It also burns down the canopy.  We store endorsements efficiently by
combining them.  Doing that to a secure hash corresponds to cracking
the hash, which is a contradiction of the assumptions.  Therefore
it is impossible to efficiently store the endorsement itself.

What we can store efficiently is the statemtent: "When the user entered
this, he convinced us it was endorsed.  Trust us."  If the user wants
to store a hash in addition, and thus PAY ($ / consumption of his disk
space) to do so, it's his option.  Given this understanding, the user
can make his own judgement of what information to endorse in a way
that can be trusted even if the backend operator can not.  We can expect
he will only do it for things where it's really important.

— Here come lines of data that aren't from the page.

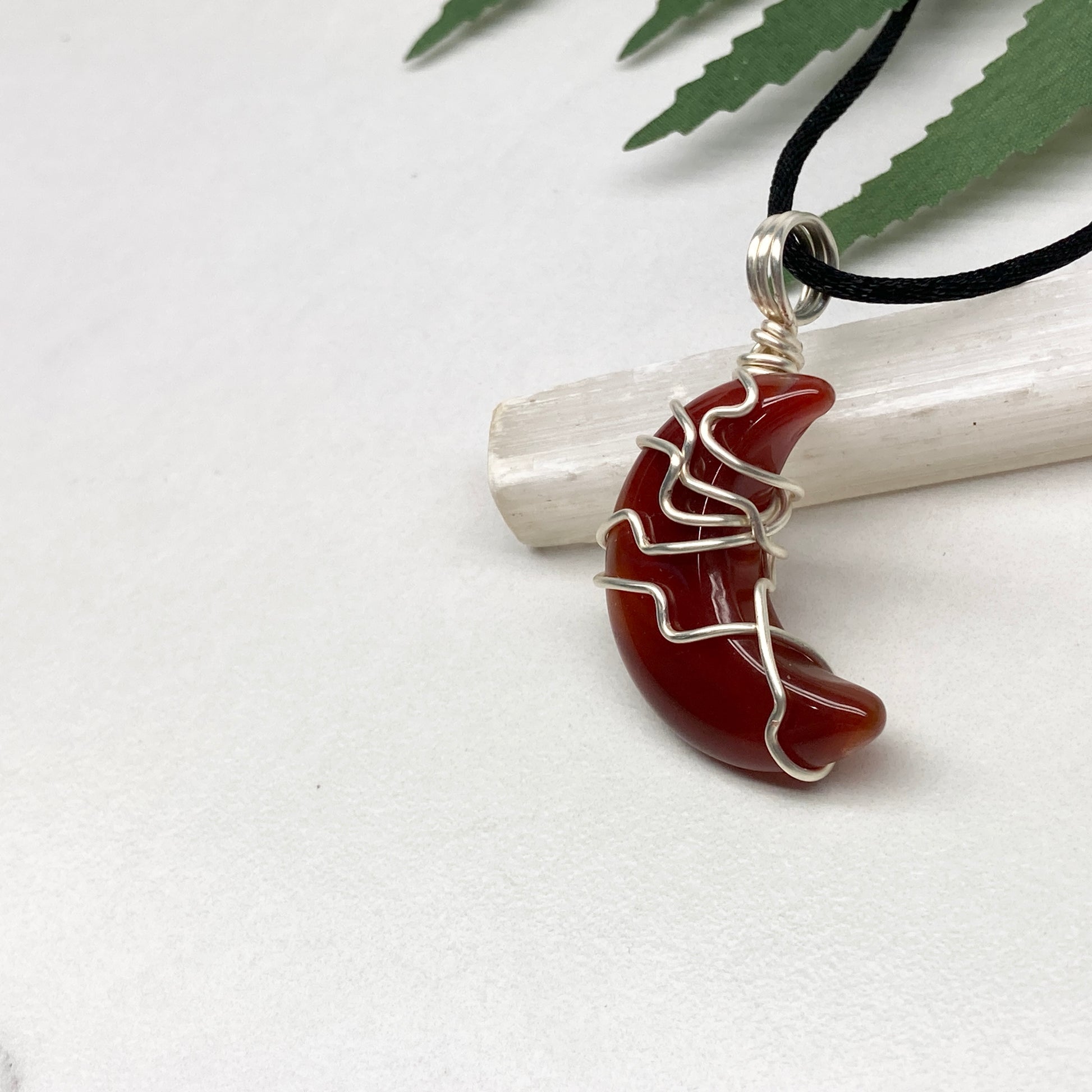 Carnelian crescent moon necklace wrapped in silver-colored copper wire on a black necklace. One-of-a-kind pendant handmade during the Moon in Cancer.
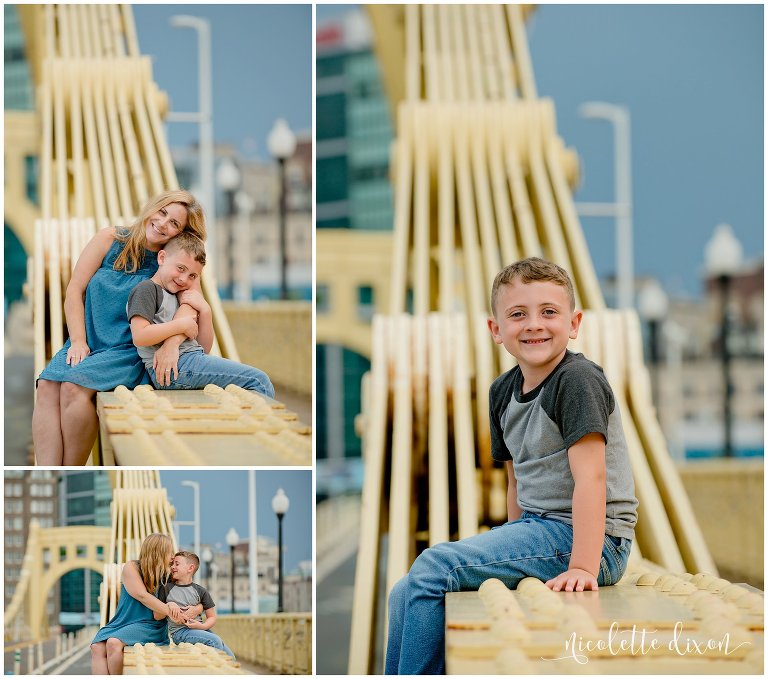Boy Sitting on Roberto Clemente Bridge in Downtown Pittsburgh 
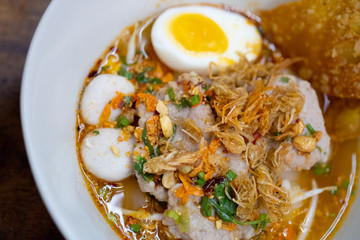 Spicy tom yum noodle with pork and meat ball and egg.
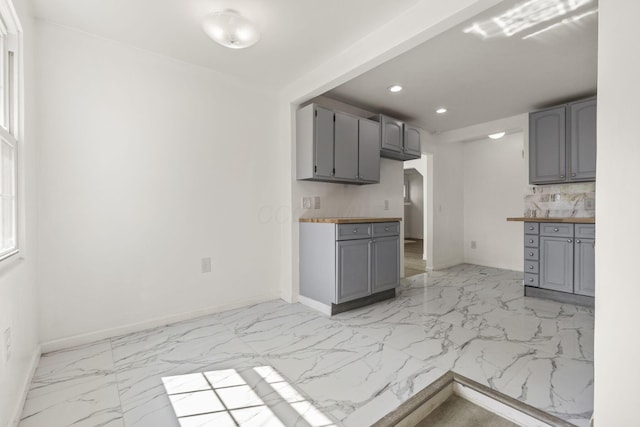 436 Nashoba Ave, Columbus, OH 43223 - kitchen with gray cabinets, light marble finish flooring, recessed lighting, baseboards, and wooden counters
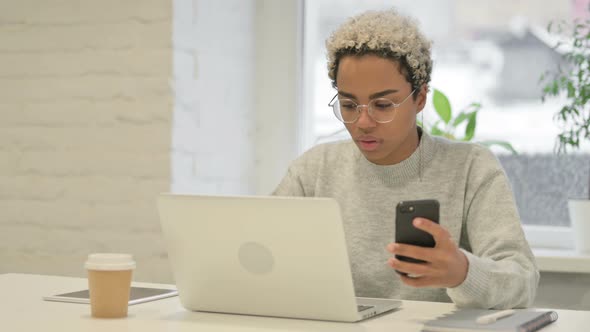 African Woman Using Smartphone While Using Laptop in Office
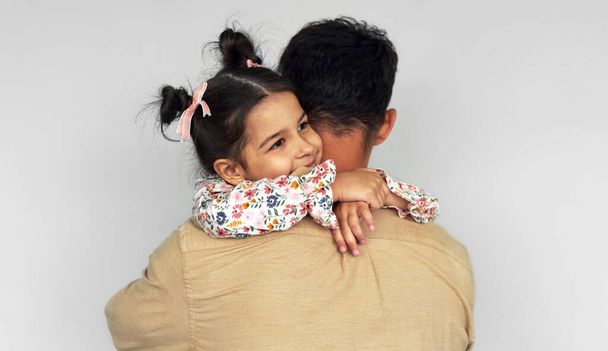 Rear View image of a handsome father hugging his daughter on the gray wall. Happy daughter and father feeling joyful. Dad and cute little girl embraces together, shares love on Father's Day. - Foto, Imagen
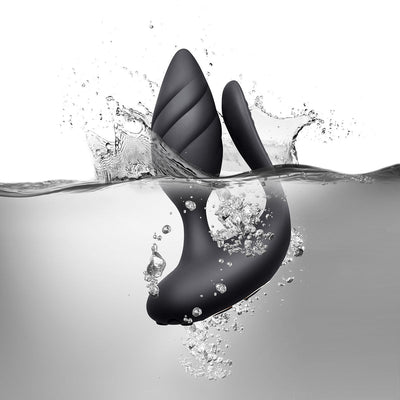 Black waterproof dual-motor couples toy with textured and smooth flexible silicone design submerged in water with bubbles.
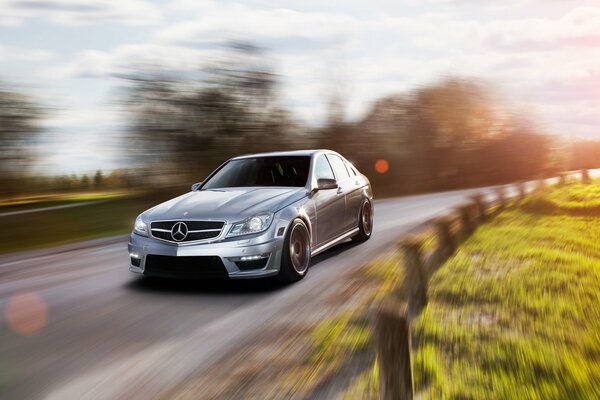 Silver Mercedes C63 AMG in motion on the road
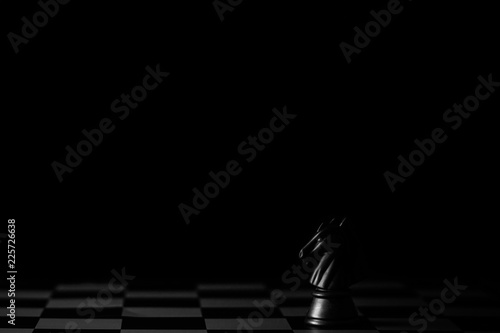Fotografia black horse chess on a chessboard in the dark background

> Your "claimed-to-be-Foo" endorsements suggest another solution to the
> BEBE case.  When non-authenticated endorsements gets transmitted to an
> untrusted backend, they become endorsement hints.  These would
> particularly be used for work-types and link-types.  A frontend that
> recognizes a particular endorsement-hint would then check conformance
> on the endorsement and then confirm for that backend that the document
> actually had that type.  

Right.  We would distinguish trusted backends (other sites operated
by the same company, in-house backup servers) from untrusted backends,
and automatically downgrade the endorsements we store.

Thus the "Is foo" endorsement means an unbroken path exists within our
own responsibility boundary between the place where WE checked the
authentication (and then forgot it, but remembered that we'd seen it)
and the point where we generated our own authentication on the way
to the reader.  The "Claimed-to-be foo" endorsement corresponds to
recording that it may be a foo, but nobody proved it to US.  This
may have happened because it was generated by a foo-maker-clone, or
because it passed through a foreign carrier.

This should CYA on the common-carrier case, too.  Better, perhaps,
is a set of endorsements corresponding to:
 - "Claimed to be 'foo' by someone we know is bar."
 - "Claimed to be 'claimed to be "foo" by someone bar knows is baz'
    by someone we know is bar"
etc.  (The endorsement mechanism is so efficient that this is a
negligable storage load.  We need only store the route-endorsement-def.
once for each route actually taken by one or more currently-stored data.)

If we differentiate things in this way, a vendor may chose to accept
(without checking) data claimed-to-be-endorsed-by-his-product by a set
of carriers, or to give his customer this option.  Then, if somebody
hands him a data-bomb, he has an audit trail, and it's also his fault,
not ours, because we TOLD him we hadn't seen the endorsement ourselves.